=== Section Start ===
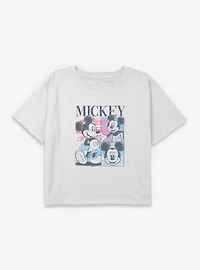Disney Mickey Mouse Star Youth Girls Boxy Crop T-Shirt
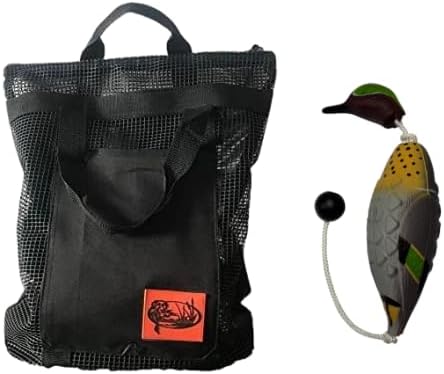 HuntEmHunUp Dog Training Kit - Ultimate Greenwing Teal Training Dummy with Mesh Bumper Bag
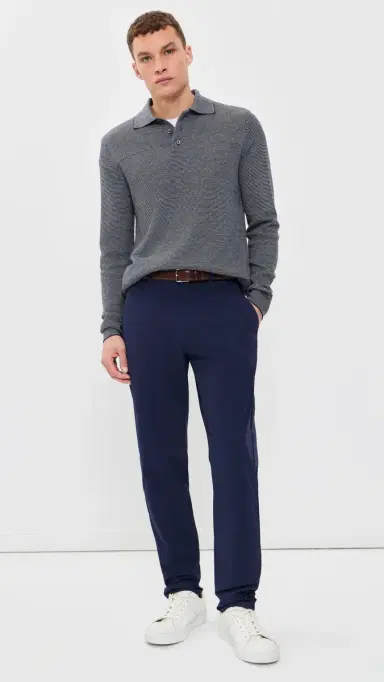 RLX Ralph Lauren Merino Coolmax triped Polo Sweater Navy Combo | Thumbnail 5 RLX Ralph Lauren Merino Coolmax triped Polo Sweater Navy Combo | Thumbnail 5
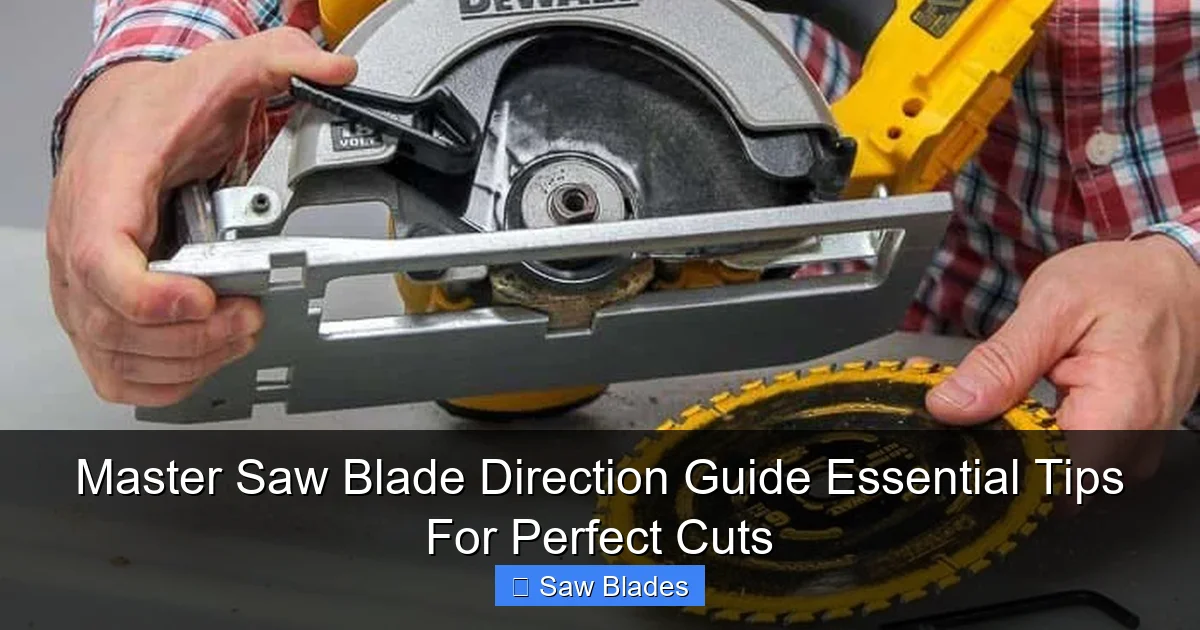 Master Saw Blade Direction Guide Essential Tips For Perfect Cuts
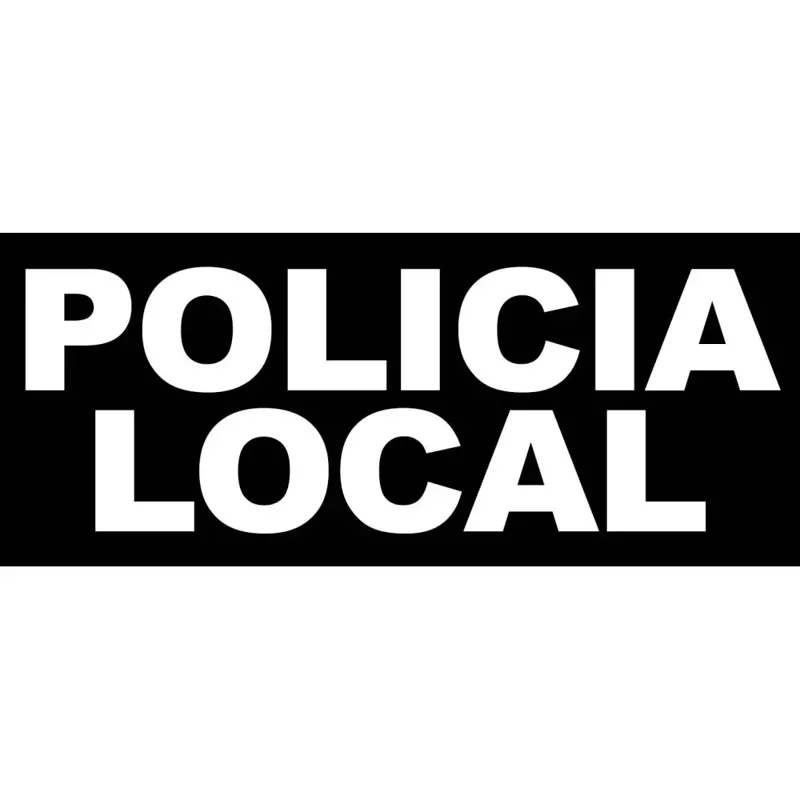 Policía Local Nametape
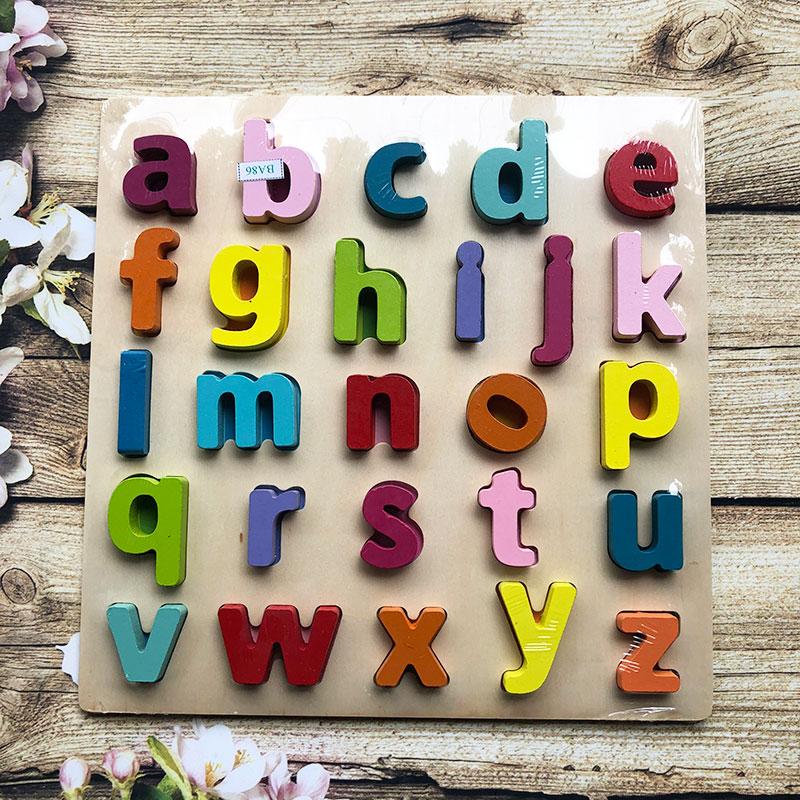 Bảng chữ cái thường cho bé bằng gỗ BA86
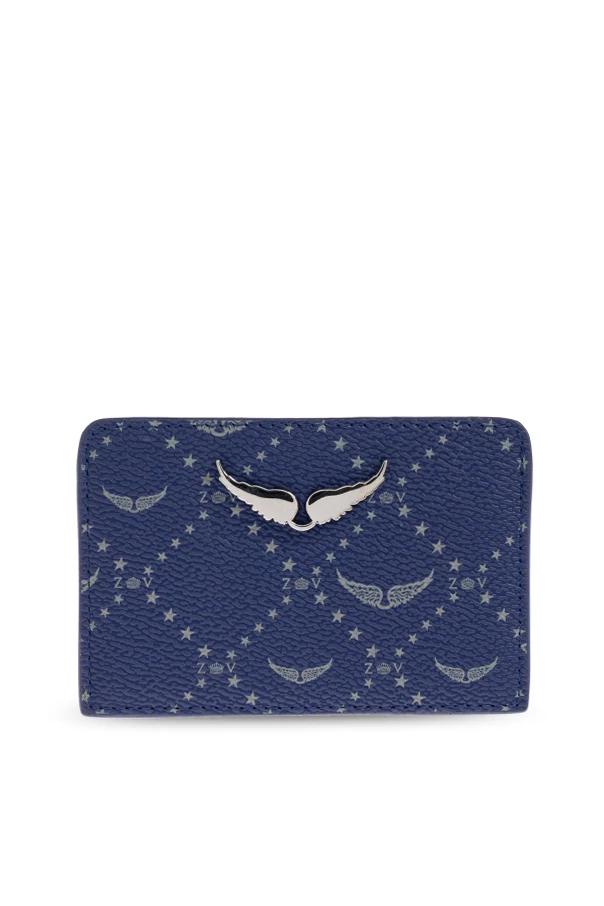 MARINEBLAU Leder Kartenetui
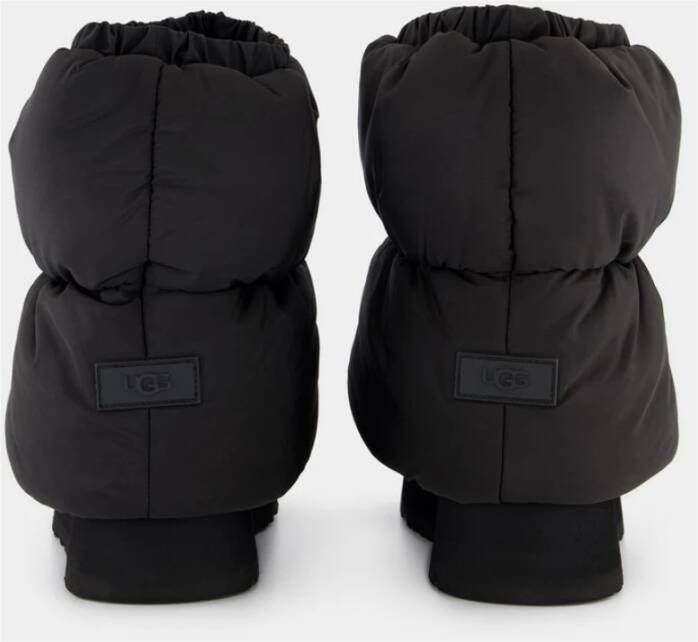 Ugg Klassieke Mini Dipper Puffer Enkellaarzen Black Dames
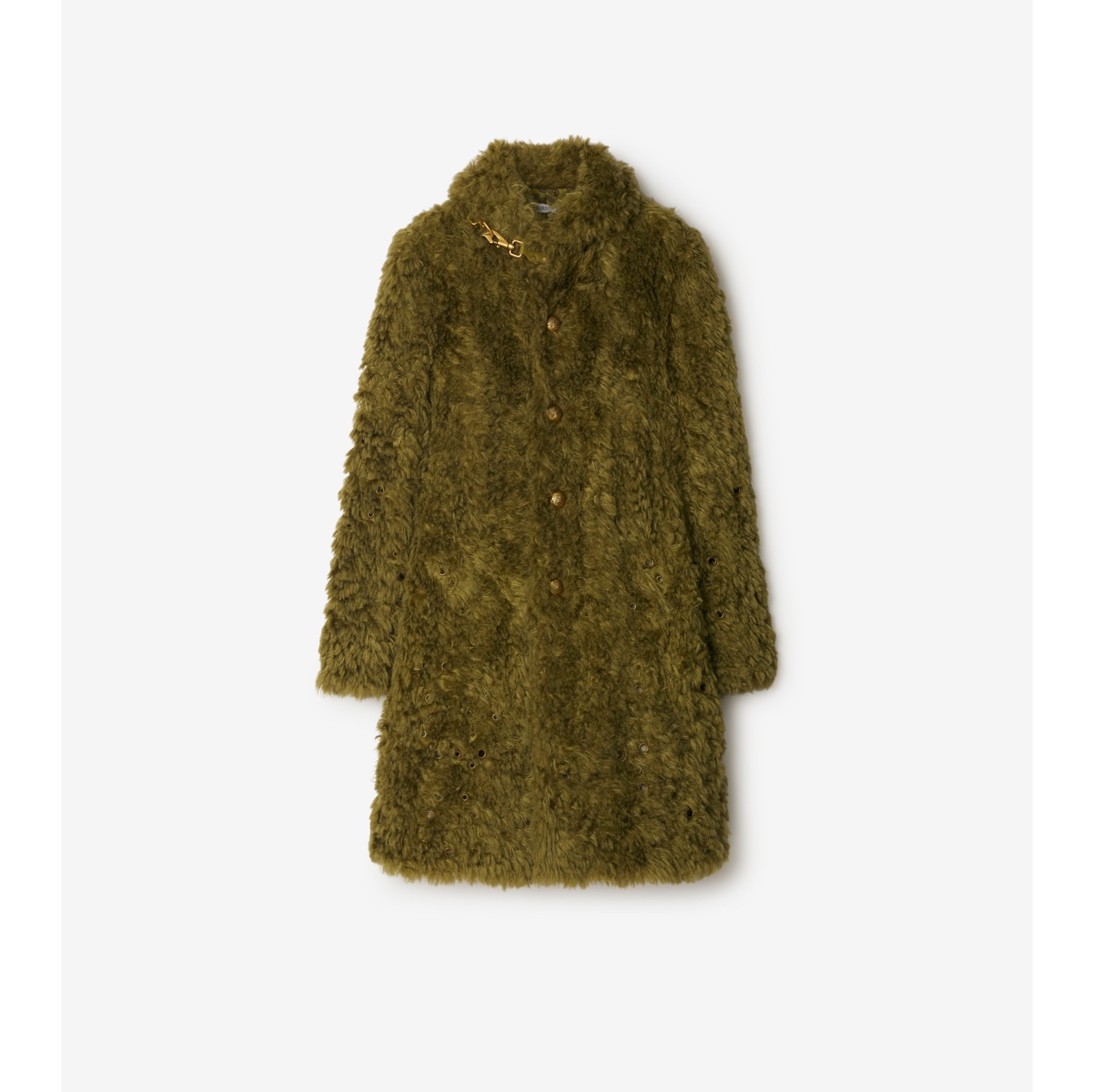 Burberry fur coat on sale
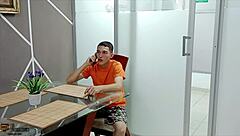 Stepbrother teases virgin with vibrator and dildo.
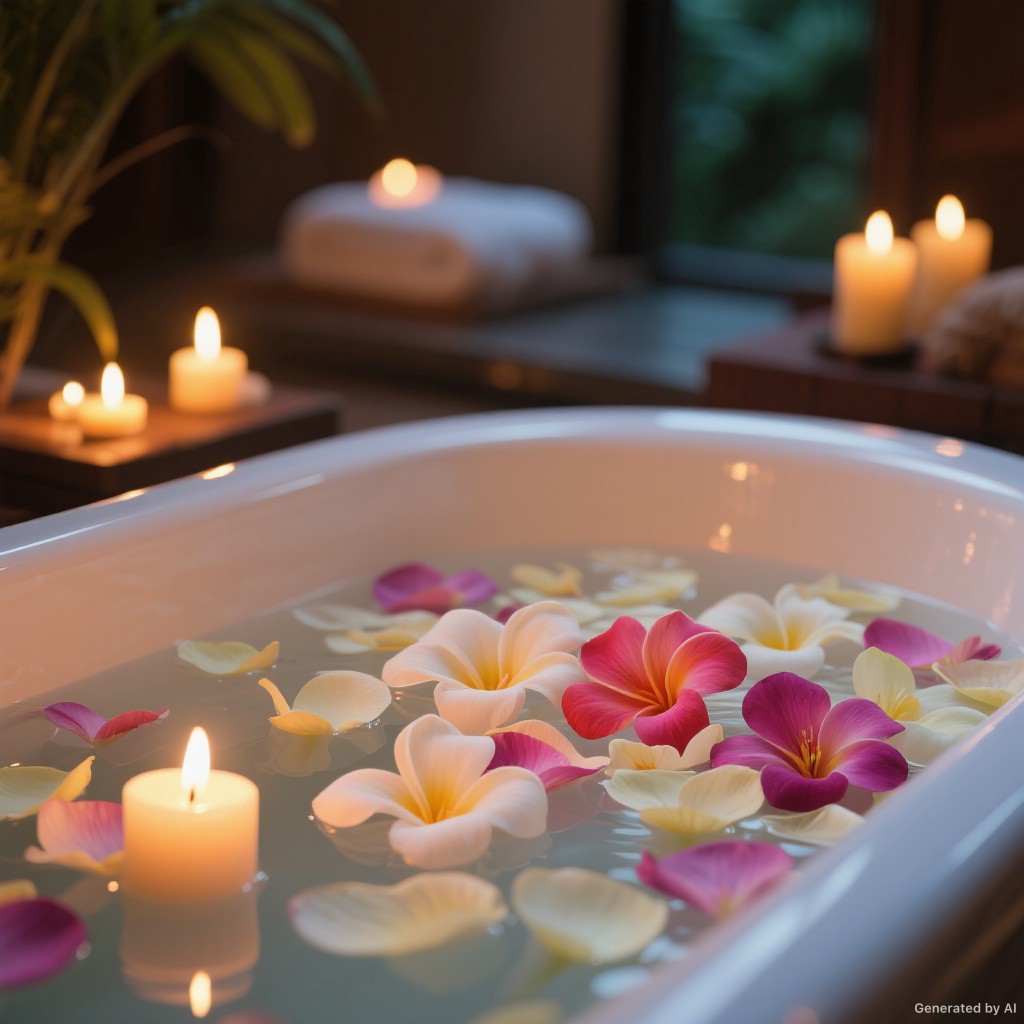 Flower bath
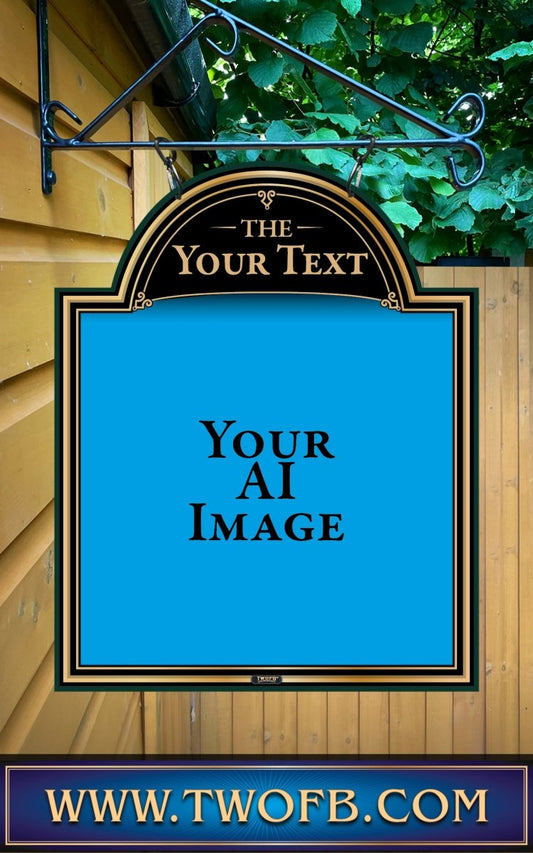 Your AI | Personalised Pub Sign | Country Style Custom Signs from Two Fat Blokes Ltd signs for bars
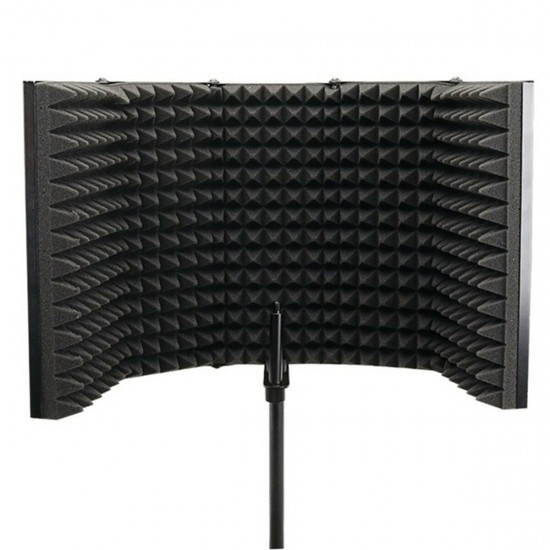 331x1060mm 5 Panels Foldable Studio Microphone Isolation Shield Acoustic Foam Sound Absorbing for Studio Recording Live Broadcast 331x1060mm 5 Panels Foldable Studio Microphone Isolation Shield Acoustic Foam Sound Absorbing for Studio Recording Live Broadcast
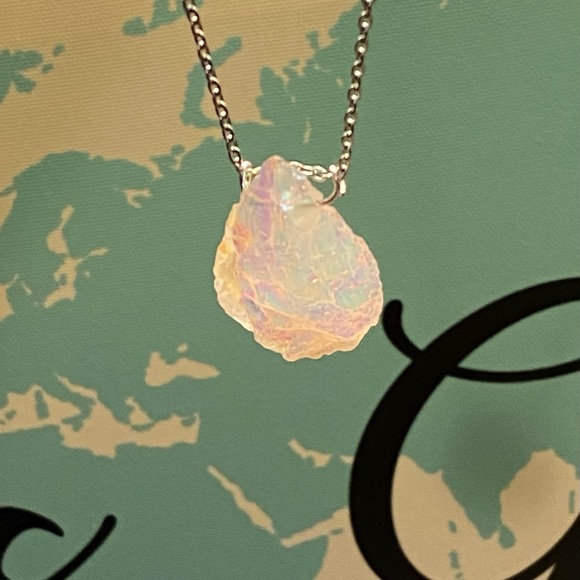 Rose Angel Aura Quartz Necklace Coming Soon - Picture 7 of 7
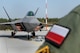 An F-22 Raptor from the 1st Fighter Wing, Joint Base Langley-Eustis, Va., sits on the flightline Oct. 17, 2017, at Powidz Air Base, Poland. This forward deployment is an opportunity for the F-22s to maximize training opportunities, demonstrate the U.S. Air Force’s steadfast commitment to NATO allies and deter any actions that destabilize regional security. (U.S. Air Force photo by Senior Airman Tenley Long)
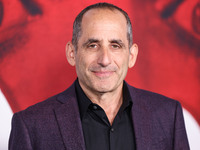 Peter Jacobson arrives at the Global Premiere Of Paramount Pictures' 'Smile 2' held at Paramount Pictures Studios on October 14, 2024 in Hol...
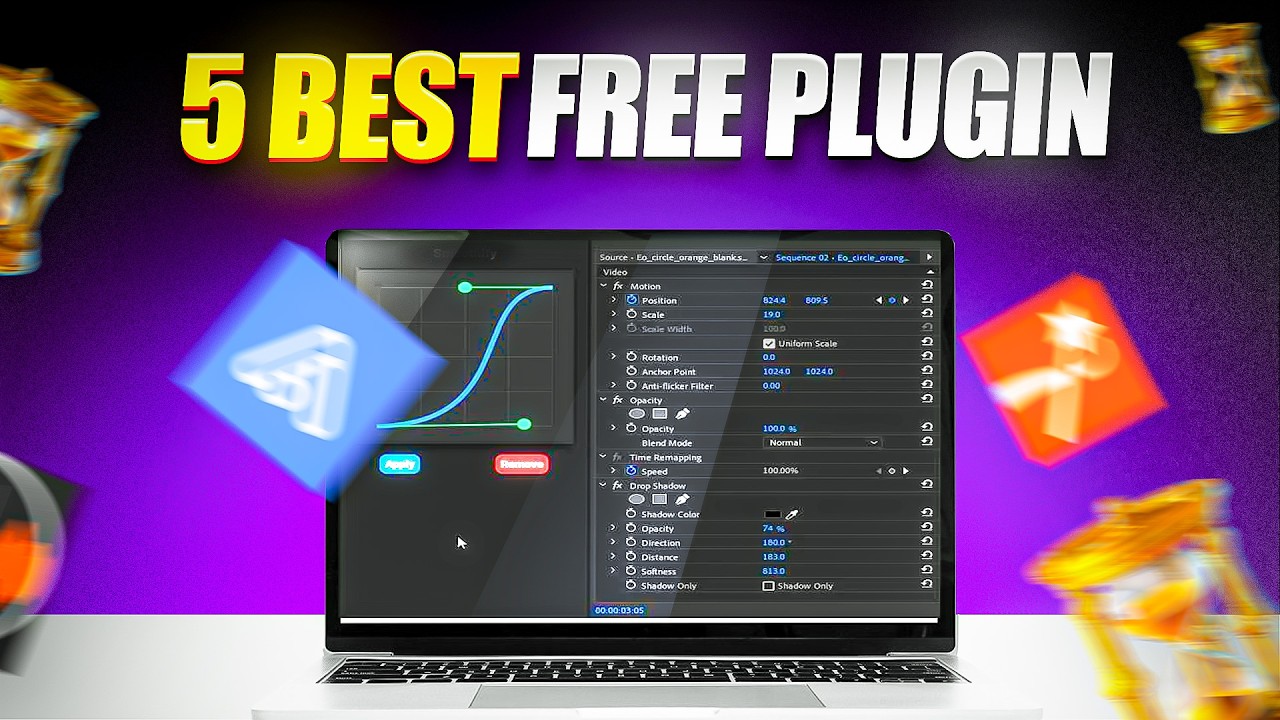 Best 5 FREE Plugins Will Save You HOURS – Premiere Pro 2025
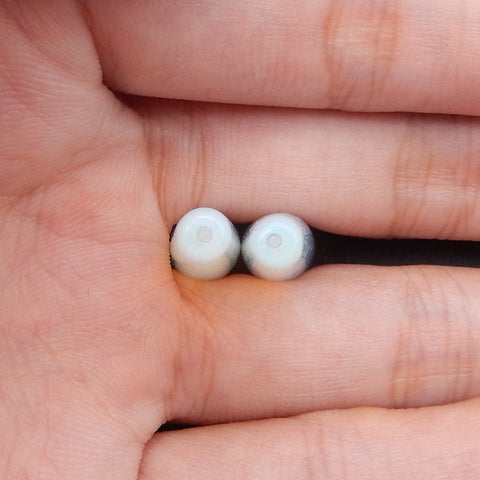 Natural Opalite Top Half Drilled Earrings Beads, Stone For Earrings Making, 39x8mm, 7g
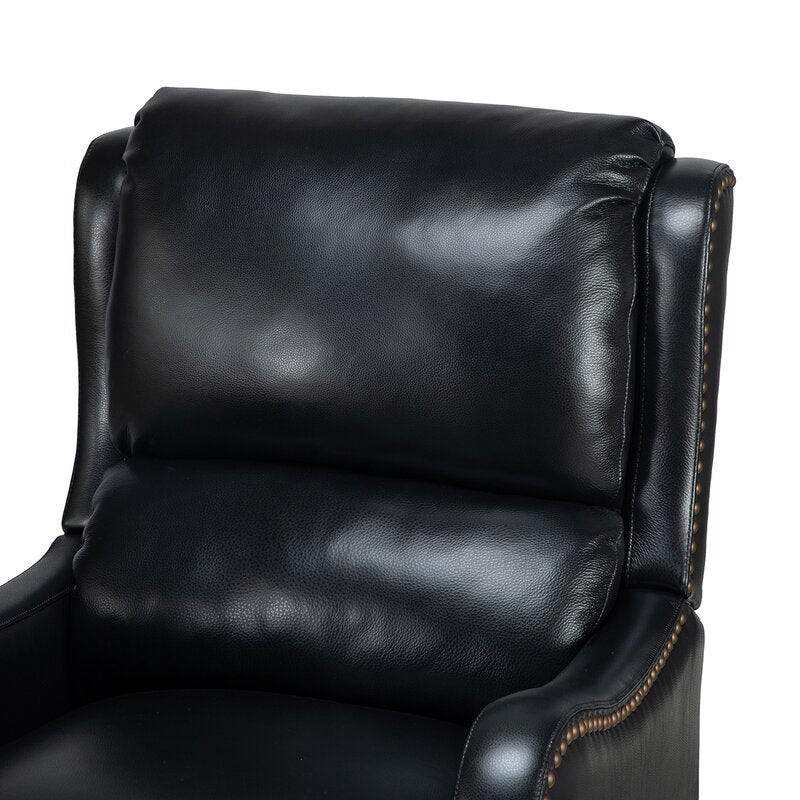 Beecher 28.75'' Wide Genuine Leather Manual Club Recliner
=== Section End ===
Skip every picture, and restate word for word only the lines above from the line containing "An F-22 Raptor" to the line containing "Best 5 FREE", both of them included.

 An F-22 Raptor from the 1st Fighter Wing, Joint Base Langley-Eustis, Va., sits on the flightline Oct. 17, 2017, at Powidz Air Base, Poland. This forward deployment is an opportunity for the F-22s to maximize training opportunities, demonstrate the U.S. Air Force’s steadfast commitment to NATO allies and deter any actions that destabilize regional security. (U.S. Air Force photo by Senior Airman Tenley Long)
 Peter Jacobson arrives at the Global Premiere Of Paramount Pictures' 'Smile 2' held at Paramount Pictures Studios on October 14, 2024 in Hol...
 Best 5 FREE Plugins Will Save You HOURS – Premiere Pro 2025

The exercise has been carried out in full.